Punti di vista che non ammetteva e tuttora non ammettono se non la loro aprioristica accettazione, ed è su questo presupposto che in pratica si fondano tutte le antropologie e le etnografie. Nonostante i tentativi di alcuni, per esempi Lévi–Strauss (1962 di elaborare la proposta di una pensée souvage come dotata di una propria razionalità esplicatesi in un bricolage intellettuale, in una capacità sia pure imprecisa, spesso patetica, di intervenire sul mondo anziché semplicemente subirlo.

Ciò che non toglie che abbia continuato ad avere amplissimo seguito la favola del primitivo come indifferente, in quanto incapace di concepire la propria origine. Insomma la mitologia del selvaggio – astorico, per il quale il tempo si sarebbe fermato, e avrebbe continuato a roteare su se stesso, senza potere assumere al fisionomia del tempo lineare, concetto insostituibil e indiscutibile  del progresso e della modernità: la freccia diretta senza deviazioni a una fine- forse ignota,  ma che consiste per certo nella conquista delle stelle, e in  un futuro sempre migliore. Il tempo quale è stato ed è saldissimamente concepito dal pensiero etnocentrico occidentale.

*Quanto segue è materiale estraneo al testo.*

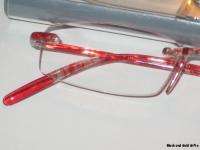 Red Clear Memory Readers Reading Eyeglasses 1.00 NEW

Occorre però astenersi da un trattamento paritario del selvaggio e del portatore del Discorso. Altrimenti, non si spiegherebbe la riduzione del primo a uomo di natura, essere inferiore, incapace di effettivo logos e, come gli aborigeni australiani, dedito al dreamtime, che, vuole la favola etnografica, consisterebbe nell’attendere passivamente la rivelazione della lancia, dello scudo, dell’animale buono da cacciare, delle vie dei canti da percorrere, a opera e per grazia di un eterno antenato.